19. Hukuk Dairesi 2015/18494 E. , 2016/3582 K.
"İçtihat Metni"MAHKEMESİ :Ticaret Mahkemesi
Taraflar arasındaki tazminat davasının bozma kararına uyularak yapılan yargılaması sonunda ilamda yazılı nedenlerden dolayı davanın reddine yönelik olarak verilen hükmün süresi içinde davacı vekilince temyiz edilmesi üzerine dosya incelendi, gereği konuşulup düşünüldü.
- K A R A R -
Davacı vekili, müvekkili şirket ile davalı şirket arasında bayilik ilişkisi olduğunu, diğer davalının ise, müvekkilinin bayilik sözleşmesinden kaynaklanan alacaklarının tazminine güvence olarak taşınmazını 50.000,00 TL üzerinden ipotek ettiğini, davalı şirketin sözleşmenin ekinde imzaladığı satış taahhütnamesi gereği sözleşme süresi boyunca aylık 15 ton, 5 yıl içinde de 900 ton LPG’yi müvekkilinden almayı taahhüt ettiğini, sözleşmenin 01.08.2012 tarihinde sona erdiğini, davalının sözleşme süresince müvekkilinden 291 ton LPG aldığını, buna göre davalının 609 ton eksik LPG alımı bulunduğunu, sözleşme ve satış taahhütnamesine aykırı davranarak tonaj taahhüdünü yerine getirmeyen davalının taahhütnamenin ikinci maddesi gereğince müvekkiline verdiği 50.000,00 TL teminatın 5 katı olan 250.000,00 TL tazminatı ödemekle yükümlü olduğunu, bu hususta çekilen ihtarnameye rağmen ödeme yapılmadığını belirterek, müvekkilinin 250.000,00 TL tazminat alacağından şimdilik 25.000,00 TL’nin davalılardan avans faizi ile birlikte müştereken ve müteselsilen tahsiline karar verilmesini talep ve dava etmiştir.

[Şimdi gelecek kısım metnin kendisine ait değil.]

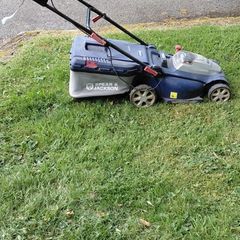 Spear and Jackson cordleas lawnmower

Davalı vekili, sözleşme süresinin bitimi ile beraber davacı şirketin yeniden 5 yıllık sözleşme imzalanması hususunda müvekkili şirkete baskı uyguladığını, imzalanmaması halinde cezai şart talep edileceğini beyan ettiğini, 5 yıl boyunca taahhüt edilen miktarın altında teslimat yapıldığını, buna rağmen davacı şirketin 5 yıl boyunca hiçbir talepte bulunmayarak müvekkillerinde cezai şart hükmünün uygulanmayacağına dair haklı güven oluşturduğunu savunarak, davanın reddini, aksi halde cezai şartın tenkisini istemiştir.

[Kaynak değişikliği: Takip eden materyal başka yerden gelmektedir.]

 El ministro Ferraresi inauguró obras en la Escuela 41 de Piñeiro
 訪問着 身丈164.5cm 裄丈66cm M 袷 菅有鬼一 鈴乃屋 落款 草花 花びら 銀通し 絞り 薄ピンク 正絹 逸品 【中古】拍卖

Davanın reddine ilişkin 25.04.2014 tarihli mahkeme kararının davacı vekilince temyiz edilmesi sonucu, Dairemiz 29.01.2015 tarih, 2014/14528 esas ve 2015/1283 karar sayılı ilamı ile ""...davacıya davasını tam dava olarak sürdürmesi ve toplam alacak üzerinden eksik peşin harcı tamamlaması konusunda belirtilen yasa hükmü uyarınca kesin süre verilip, sonuca göre bir karar tesisi gerekirken belirtilen gerekçe ile yazılı şekilde karar verilmesi doğru görülmemiştir. ..."" şeklinde denilmek suretiyle hükmün bozulmasına karar verilmiştir.

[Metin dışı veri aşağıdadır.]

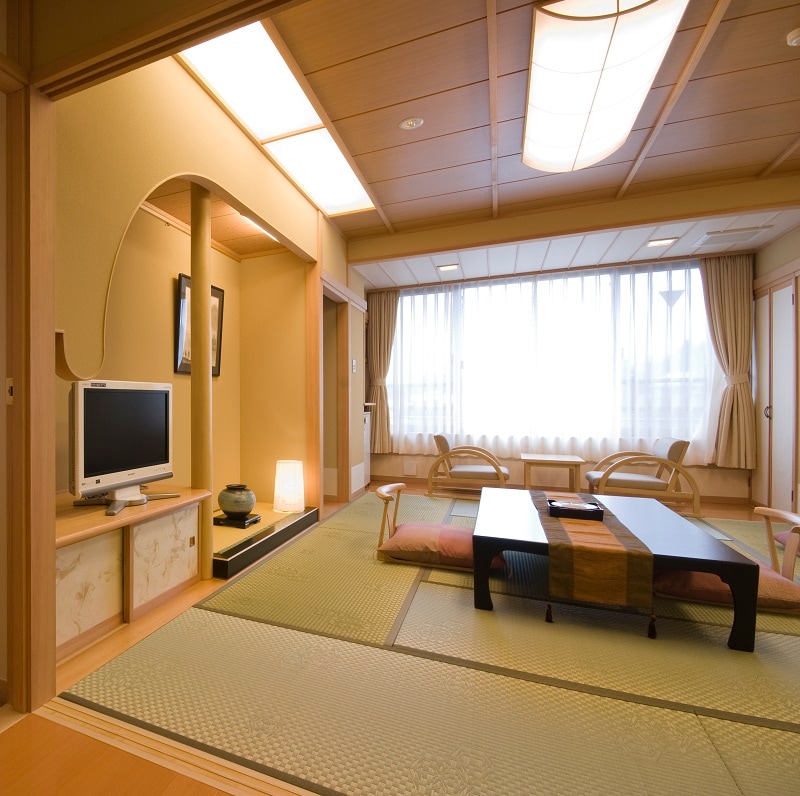 [Main building] Japanese and Western room with open-air bath on the 4th floor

Mahkemece bozma ilamına uyularak yapılan yargılama sonucunda, davalının sözleşme süresince belirlenen miktardan az ürün almasına rağmen davalıya ürün sağlamaya devam ettiği ve ürün bedellerini de ihtirazi kayıtsız kabul etmesi karşısında sözleşmenin cezai şart ve tonaj taahhüdü maddesinin fiilen ortadan kalktığı, asgari alım taahhüdünün uygulanmayacağı ve bu konuda cezai şart istenmeyeceği hususunda sözleşme süresince süren bir uygulamanın oluştuğu, dolayısıyla davacı şirketin sözleşmenin cezai şart ve tonaj taahhüdünün uygulanmayacağı yönündeki anlaşma nedeniyle ortaya çıkan olgunun kaynağı haklı güven olup, davacı şirketin davranışları ile davalı şirkette yarattığı güvenle çelişki oluşturacak şekilde sözleşmenin feshinden sonra eldeki davaya konu edilen cezai şart tazminatını istemesinin çelişkili davranış yasağı oluşturduğu, böyle bir davranışın hukuken korunmasının beklenemeyeceği gerekçesiyle davanın reddine karar verilmiş, hüküm davacı vekili tarafından temyiz edilmiştir.
Dava, bayilik sözleşmesinden kaynaklanan cezai şart tazminatına ilişkindir.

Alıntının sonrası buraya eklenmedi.